Parallel MCTS-minimax hybrids
Peter de Groot and Sai Bhargav Yalamanchi
URLs
SUMMARY
We are going to implement a hybrid MCTS-minimax algorithm to solve chess problems. The algorithm will take advantage of various sources of parallelism in the algorithm with CUDA and OpenMP and the times to execute will be compared against speedup over sequential.
BACKGROUND
Minimax with alpha-beta pruning has been the state of the art algorithm used by many chess engines (until the advent of AlphaZero). A drawback of using bare bones minimax is that the search space becomes combinatorially large and unwieldy to perform brute force enumerations in order to determine the best move. Monte Carlo Tree Search is a best-first tree search algorithm that focuses on the most promising lines of play. However it often succumbs to traps in games like chess either due to missing a critical move or underestimation of utilities of certain terminal states. A hybrid approach of MCTS-minimax can potentially result in an algorithm that is fast (from avoiding brute force enumerations where possible due to MCTS) and can avoid traps (from exhaustive minimax searches in near terminal states).
CHALLENGE
This is an interesting problem from the parallelism standpoint as the game tree grows exponentially quickly - with naive minimax, one could parallelize the minimax action evaluation process by adding nodes to a work queue that threads/cores could access and pull work out of when they are done executing their current tasks, this is the approach described in [3]. [2] describes several methods to parallelize naive MCTS. The key challenge in our proposed idea is to obtain a speedup in a hybrid of MCTS and minimax, for this we plan on using ideas from both [2] and [3]. There are two axes of parallelism in such hybrids - MCTS tree level and minimax level. Too large a workload size may result in very deep minimax searches which may not be tractable, the right workload size would need to present sufficiently large game trees we could parallelize over while ensuring feasibility of minimax searches. To determine this size we plan on gradually increasing the workload (varying the n in ‘mate in n’) until this balance is achieved.
RESOURCES
CUDA capable GPU will be required in addition to a system that can run OpenMP. Thus the GHC and latedays machines should suffice.
GOALS AND DELIVERABLES
Our focus is on the following hybrid-parallel models
Minimax-rollout leaf parallel model
Minimax-selection/evaluation root parallel model
Minimax-selection/evaluation tree parallel model
Minimax-rollout is a hybrid method in which the MCTS node value estimation is done in a more informed way through minimax searches starting from the node instead of performing random actions until a terminal state is reached. Minimax-selection/evaluation on the other hand triggers minimax searches at certain nodes based on a heuristic (often visit count based) to validate existing estimates of the node values. This is helpful in growing the tree quickly as it avoids unnecessary simulations at nodes for which we already have reliable information. For more details, see [1].

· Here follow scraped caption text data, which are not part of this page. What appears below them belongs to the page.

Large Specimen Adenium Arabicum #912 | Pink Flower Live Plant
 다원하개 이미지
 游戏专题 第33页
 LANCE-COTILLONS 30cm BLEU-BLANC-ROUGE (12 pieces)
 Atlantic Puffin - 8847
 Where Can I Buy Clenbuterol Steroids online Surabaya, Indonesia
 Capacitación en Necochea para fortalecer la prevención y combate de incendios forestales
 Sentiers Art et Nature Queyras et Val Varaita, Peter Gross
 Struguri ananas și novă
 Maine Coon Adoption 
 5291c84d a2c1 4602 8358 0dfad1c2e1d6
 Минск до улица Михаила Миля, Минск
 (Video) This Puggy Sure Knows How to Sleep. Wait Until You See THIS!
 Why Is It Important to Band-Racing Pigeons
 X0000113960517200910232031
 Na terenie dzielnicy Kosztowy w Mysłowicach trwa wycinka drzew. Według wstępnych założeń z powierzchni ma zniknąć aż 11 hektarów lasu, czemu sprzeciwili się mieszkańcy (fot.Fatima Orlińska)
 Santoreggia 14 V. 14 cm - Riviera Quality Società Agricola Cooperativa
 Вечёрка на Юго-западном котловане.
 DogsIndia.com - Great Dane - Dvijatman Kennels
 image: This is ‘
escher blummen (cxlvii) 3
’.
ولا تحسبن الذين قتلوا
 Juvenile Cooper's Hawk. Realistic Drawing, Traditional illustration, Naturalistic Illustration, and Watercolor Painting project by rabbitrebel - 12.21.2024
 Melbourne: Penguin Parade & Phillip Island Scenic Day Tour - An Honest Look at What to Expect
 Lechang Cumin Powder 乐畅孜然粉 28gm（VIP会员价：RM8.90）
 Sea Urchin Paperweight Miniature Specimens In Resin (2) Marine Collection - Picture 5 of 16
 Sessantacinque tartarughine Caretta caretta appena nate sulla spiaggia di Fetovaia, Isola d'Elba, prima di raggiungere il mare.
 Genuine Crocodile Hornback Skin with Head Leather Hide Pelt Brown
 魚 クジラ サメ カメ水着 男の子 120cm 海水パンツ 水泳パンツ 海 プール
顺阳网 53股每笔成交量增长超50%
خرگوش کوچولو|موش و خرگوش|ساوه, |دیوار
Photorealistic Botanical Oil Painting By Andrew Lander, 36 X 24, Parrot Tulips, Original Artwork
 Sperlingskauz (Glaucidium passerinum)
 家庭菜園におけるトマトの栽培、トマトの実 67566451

In minimax-rollout leaf parallel, the idea is to parallelize minimax searches at the leaf nodes. Only the simulation step is performed in parallel. In minimax-selection/evaluation root parallel, each thread has an independent copy of the MCTS tree. The minimax search would be triggered locally based on the visit count heuristic. The trees are updated independently of one another; in order to make an action in the game, the trees are combined together as described in [2]. In minimax-selection/evaluation tree parallel, there is only one tree shared by the threads/cores. Each thread/core handles a randomly sampled leaf node and triggers minimax search in the evaluation step based on the heuristic as described earlier. For updates to the tree we plan on exploring global/local mutexes as described in [2].
What we plan to achieve is to get a CUDA implementation of the leaf node parallelization of the MCTS-minimax hybrid and an OpenMP implementation of root parallelization for comparison. Additional goals include getting a CUDA or OpenMP implementation of tree parallelism and comparing that to the other implementation and writing a domain specific language for the tree searches. We aim to determine whether OpenMP or CUDA would be the most effective method of parallelizing our MCTS-minimax hybrid algorithm.
PLATFORM CHOICE
For our leaf parallelism, the GPU with the CUDA cores makes the most sense since the individual minimax search paths will spawn multiple simple paths that can be parallelized over when we have the cores for the task. With root parallelization, we plan to parallelize the search across nodes for each node in the tree, leading to a simpler OMP implementation since each node will use different data from the tree. We plan to use C++ to write the sequential algorithm.
SCHEDULE
Week 1
Sequential code (combining chess code + MCTS + minimax, implementing and getting minimax-rollout hybrid to work)
Week 2
Sequential (implementing and getting minimax-selection hybrid to work): FEN (Peter), MCTS (Sai)
Week 3
Sequential (implementing and getting minimax-selection hybrid to work) (Sai)
Week 3.5
CUDA leaf parallelism (minimax-rollout) (Peter) + Sequential (root parallelism minimax) (Sai)
Week 4
CUDA leaf parallelism (minimax-rollout) (Peter) + OpenMP root parallelism (minimax-selection) (Sai)
Week 4.5
CUDA leaf parallelism (minimax-rollout) (Peter) + OpenMP root parallelism (minimax-selection) (Sai)
Week 5
OpenMP root parallelism (minimax-selection) (Sai) + Tree parallelism (CUDA/OpenMP) (minimax-selection) (Peter)
Week 5.5
OpenMP root parallelism (minimax-selection) (Sai) + Tree parallelism (CUDA/OpenMP) (minimax-selection) (Peter)
Week 6
Tree parallelism (CUDA/OpenMP) (minimax-selection) (Peter + Sai)
Week 6.5
Report and finalization (Peter + Sai)
REFERENCES
[2] Parallel MCTS
[3] Parallel Minimax
[4] MCTS survey
[5] MCTS chess